Merk op dat de New Catholic Encyclopedia als argumentatie aanvoert dat de woordenschat en stijl van Markus 16:9-20 zo radicaal van de rest van het evangelie van Markus verschillen dat het nauwelijks mogelijk lijkt dat Markus zelf deze verzen heeft geschreven. Ja, Markus’ stijl is helder en direct; zijn paragrafen zijn kort en zijn overgangen eenvoudig. Maar in het bewuste slot treffen we, om de woorden van de Encyclopedia aan te halen, „een nauwkeurig gerangschikte serie verklaringen aan, elk met haar eigen bijpassende inleidende bewoordingen”. Zeer terecht heeft men het wel eens vergeleken met een stukje uitgerafeld satijn, vastgehecht aan een rol eigengesponnen stof.

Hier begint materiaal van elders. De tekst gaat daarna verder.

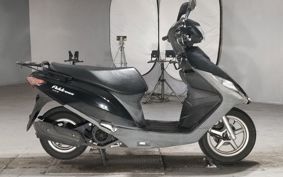 SUZUKI ADDRESS V125 DT11A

Ook in de woordenschat zijn grote verschillen. In het gedeelte van de verzen 9 tot en met 20 komen woorden voor waarnaar men in de rest van het evangelie van Markus tevergeefs zal zoeken; sommige komt men zelfs in geen van de evangeliën en enkele zelfs in geen van de christelijke Griekse Geschriften tegen. De besproken verzen bestaan uit 163 Griekse woorden, waarvan 19 woorden en 2 uitdrukkingen nergens anders in het Markus-evangelie aangetroffen worden. Of, anders gesteld, in deze verzen komen 109 verschillende woorden voor, waarvan 11 woorden en 2 uitdrukkingen uniek zijn.
Het meest afdoende bewijs dat Markus deze verzen niet geschreven kan hebben en dat ze geen deel zijn van het geïnspireerde Woord van God, wordt echter gevormd door hun inhoud. Zoals reeds werd opgemerkt, is er geen enkel bewijs voorhanden dat Christus’ volgelingen in staat zouden moeten zijn dodelijk vergif te drinken zonder daarvan schadelijke gevolgen te ondervinden, zoals vers 18 verklaart. Zelfs in het geval van het hanteren van slangen blijkt duidelijk dat zij die zich daarmee bezighouden alles doen wat zij kunnen om de slangen ervan te weerhouden te bijten, terwijl zij ze slechts vijf minuten achtereen „doorgeven”.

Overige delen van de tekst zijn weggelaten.